Happy Town

by Bryan

I know that a lot of you hit the walls of text that appear on this blog face-first; that’s my fault. I suppose if my stuff was consistently interesting — like if you knew every one of these train rides was going to end up in Happy Town — it wouldn’t be a problem. In Happy Town, the sun always shines and the coffee tastes just right without adding anything. Sometimes we do end up in Happy Town, but just as often as we do we have to ride through Sad Valley to get there, where it’s always raining and the landscape is ash-colored, and constricting. You can feel it around your neck.

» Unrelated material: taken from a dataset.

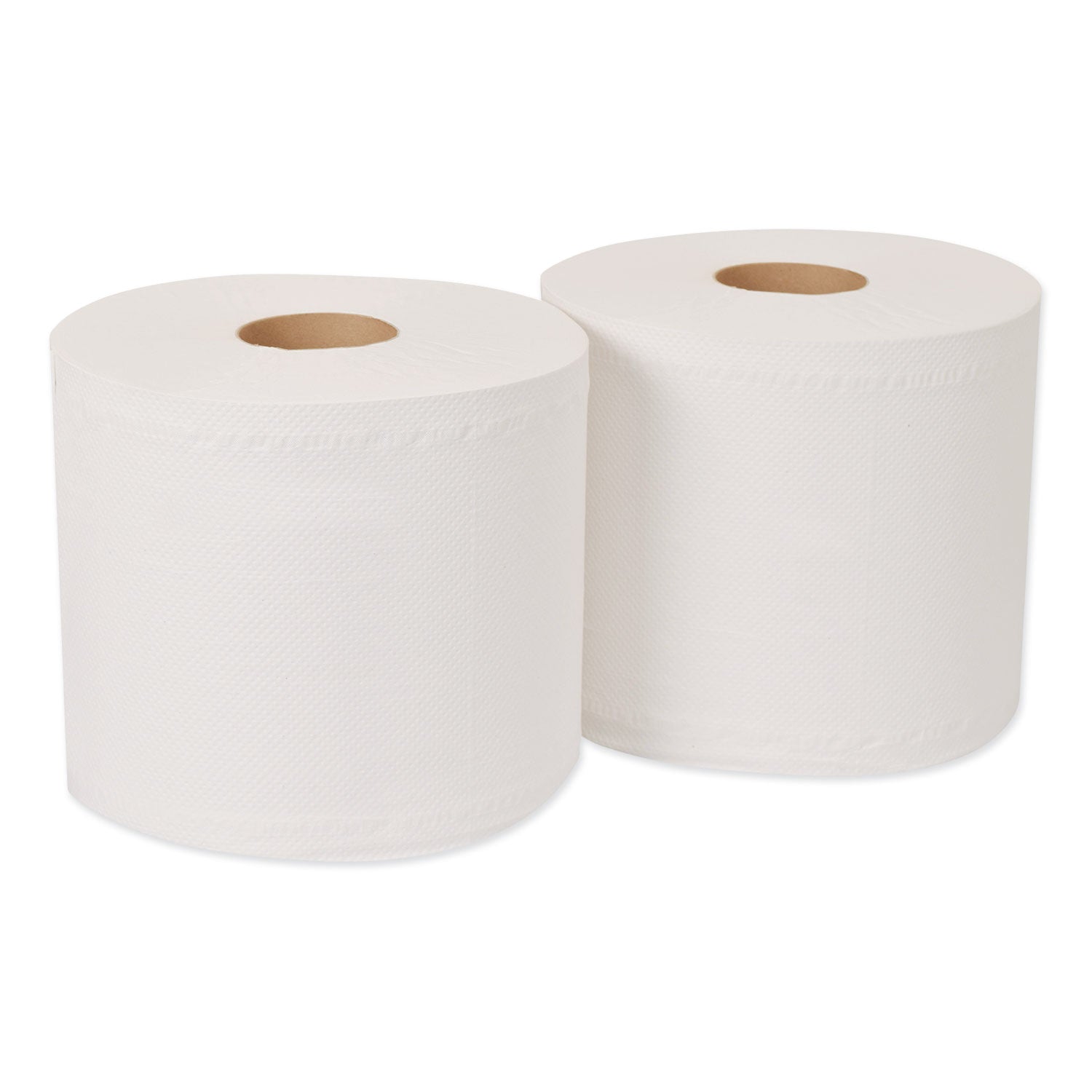 Paper Wiper, Centerfeed, 2-Ply, 9 X 13, White, 800/roll, 2 Rolls/carton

The problem is that there’s no map you can study to see if the train does, in fact, end up in Happy Town. The conductor doesn’t have one and it isn’t plastered on the walls. How much better would if there was! You could be like, “Is this blog post going to be good?” and you could just check the map and it would be like: Yep, you’re going to LOVE it. And you could sit back down and enjoy the ride, confident that the seconds you spent winding your eyes over the words weren’t in vain, and wouldn’t be better off staring at the TV, or inside your refrigerator.

The thing is, readers have options, and it’s my job to keep you reaching for the string and keep pulling it away… and you’re tempted to go away now, aren’t you? I’ll admit to you: this blog post has no point. It’s about writing blog posts. I’m not sure that it’s a great subject, but it’s one I’ve been feeling as I’ve tried to up the word count around these parts. I just want my shit to be inviting. I want it to be like that person in the warm bathtub, leaning their hand over and giving the “cmere” finger, and you know that water’s all warm and stuff and it’s really about that moment of YES I AM GOING TO DO THIS. When I write a post, I want you to drop everything you’re doing, literally so, and click on the headline and be f*cking entranced, at or least interested. I want you to know this: We are going to Happy Town.

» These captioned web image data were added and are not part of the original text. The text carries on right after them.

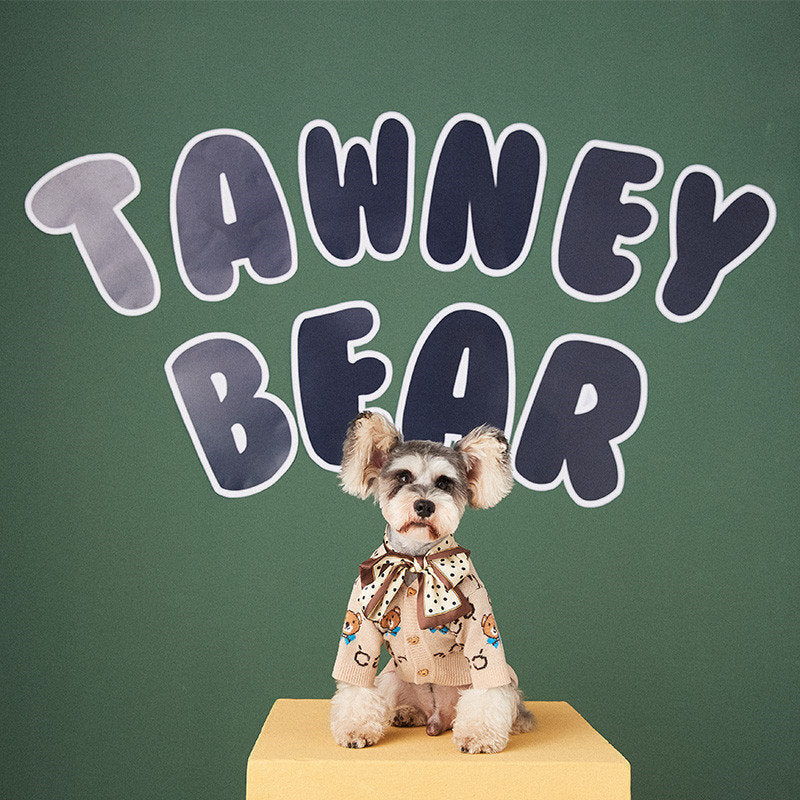 Pet Teddy Schnauzer Sweater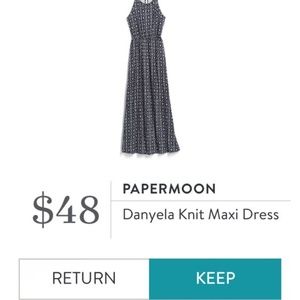 Papermoon Maxi Dress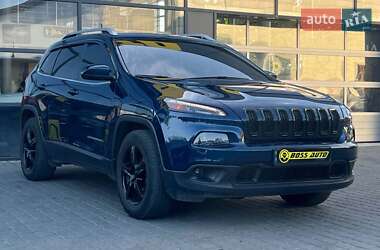 Позашляховик / Кросовер Jeep Cherokee 2017 в Івано-Франківську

Of course I don’t really have a subject at the moment. It is not the age of the generalist, but curiously, once people accept specialists — think the Sports Guy, or Roger Ebert — they become accepted as generalists, for good or ill. In Ebert’s case, great! In Sports Guy’s case, meh. My only specialty, I think, is my penchant for having one-liners at the end of my posts, which is something I’m trying to cure. Not that they’re bad, but a sammich ain’t just about the bread. I think I stole it from Rick Reilly because he won awards. It would be better to keep things flowing in the middle — and this is my 500th word — and not use that particular crutch. It makes me cringe.

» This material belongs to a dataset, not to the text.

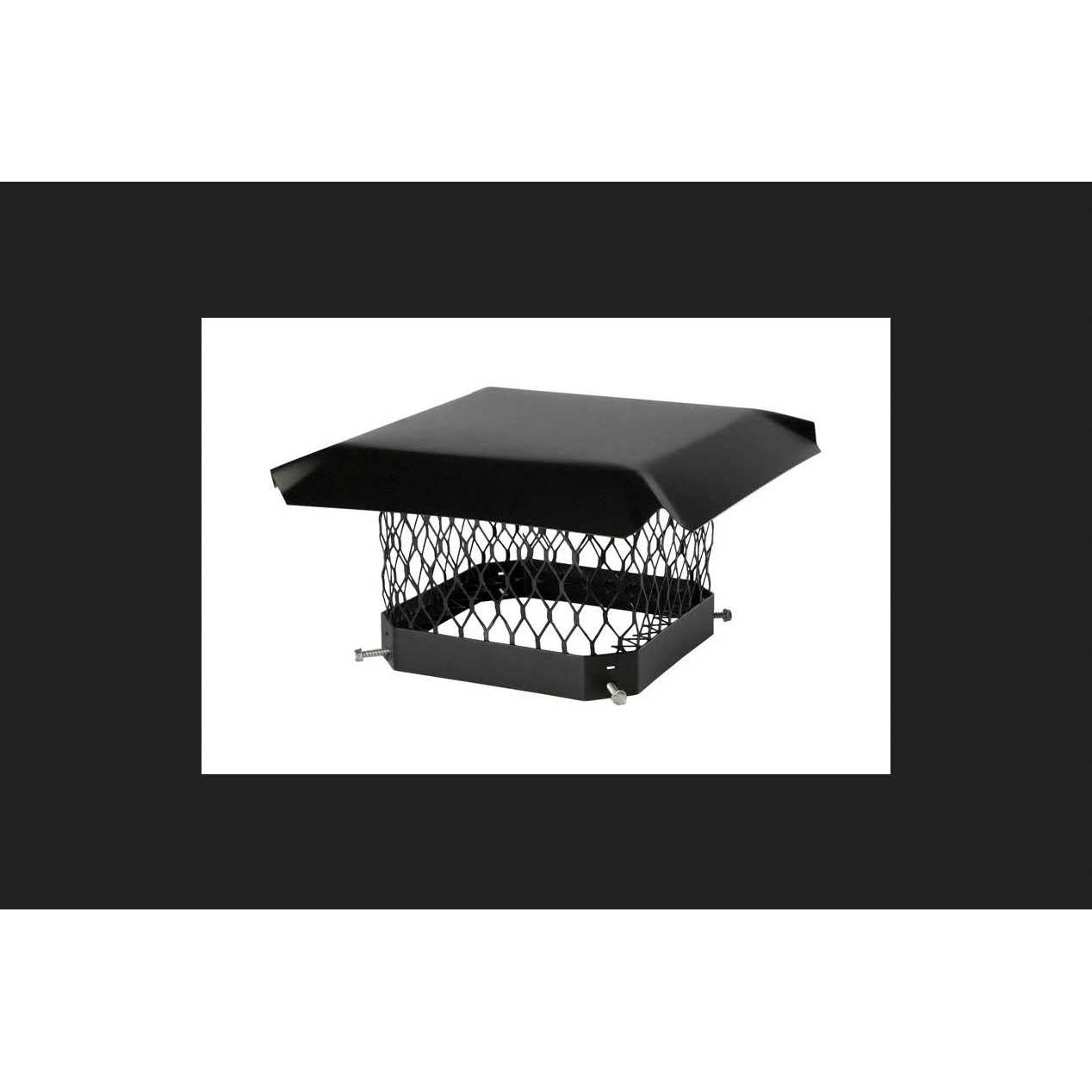 Shelter Sc1818 Single-Flue Galvanized Steel Chimney Cap - Cheap Fitting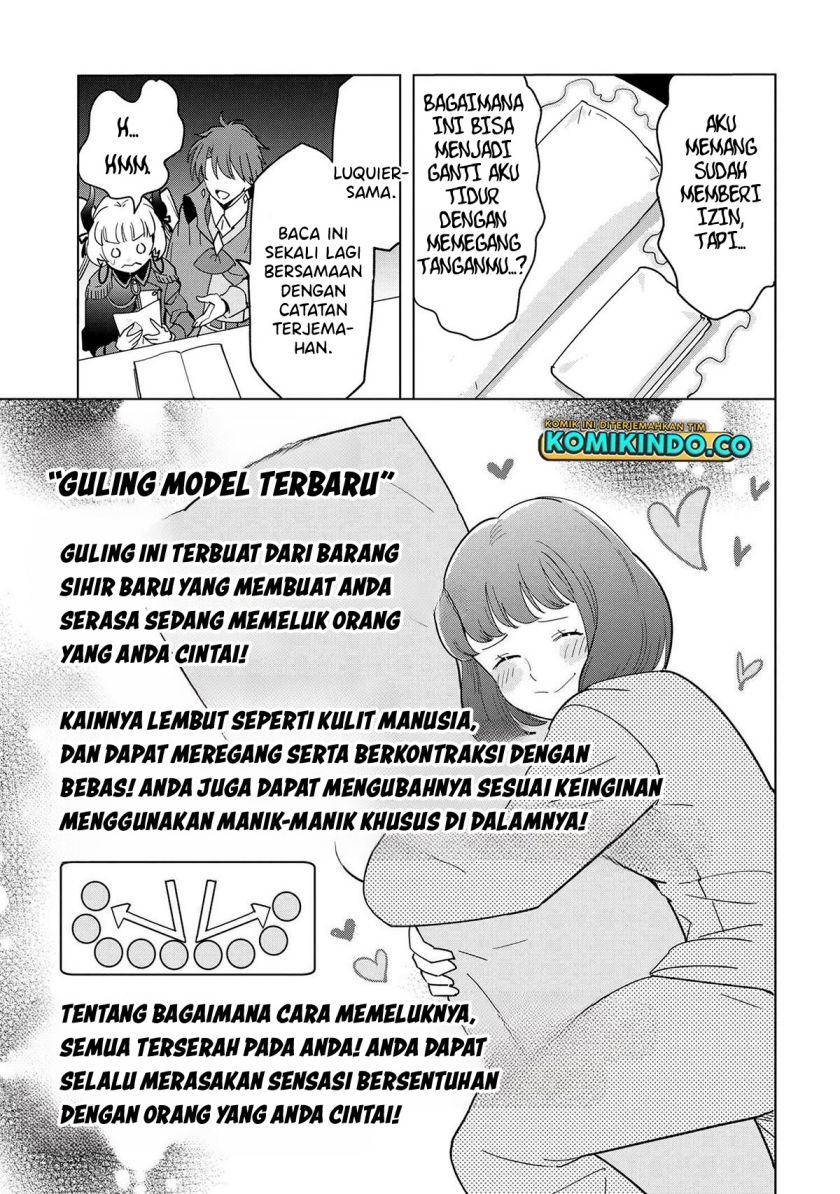 Souzou Renkinjutsushi Wa Jiyuu wo Ouka Suru Kokyou wo Tsuihou Saretara, Maou No Ohizamoto De Chouzetsu Kouka No Magic Item Zukuri Houdai Ni Narimashita Chapter 11.5 Gambar 7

At the same time, I want there to be a promise of something “more” with every word… I want the words to snap together in your head like magnetized little pieces. I want to build a castle, and I want you to live in that castle and have a gala there, and maybe it’ll actually be the set of an action movie… the gala itself will just be a cover for an arch-villain’s master theft and your team, nattily dressed as partgoers, will be there to stop it. You’ll use really cool, virtually invisible gadgets to communicate and there will be a flowering sexual tension with everyone on your team finally bringing their “goods,” so speak. Only later will you find out that the whole thing was a setup, and there was another team there, watching your every move, thinking you were the bad guys… I want to constantly trigger mechanisms that start Mission: Impossible in your head.

But not the sequels because they stink.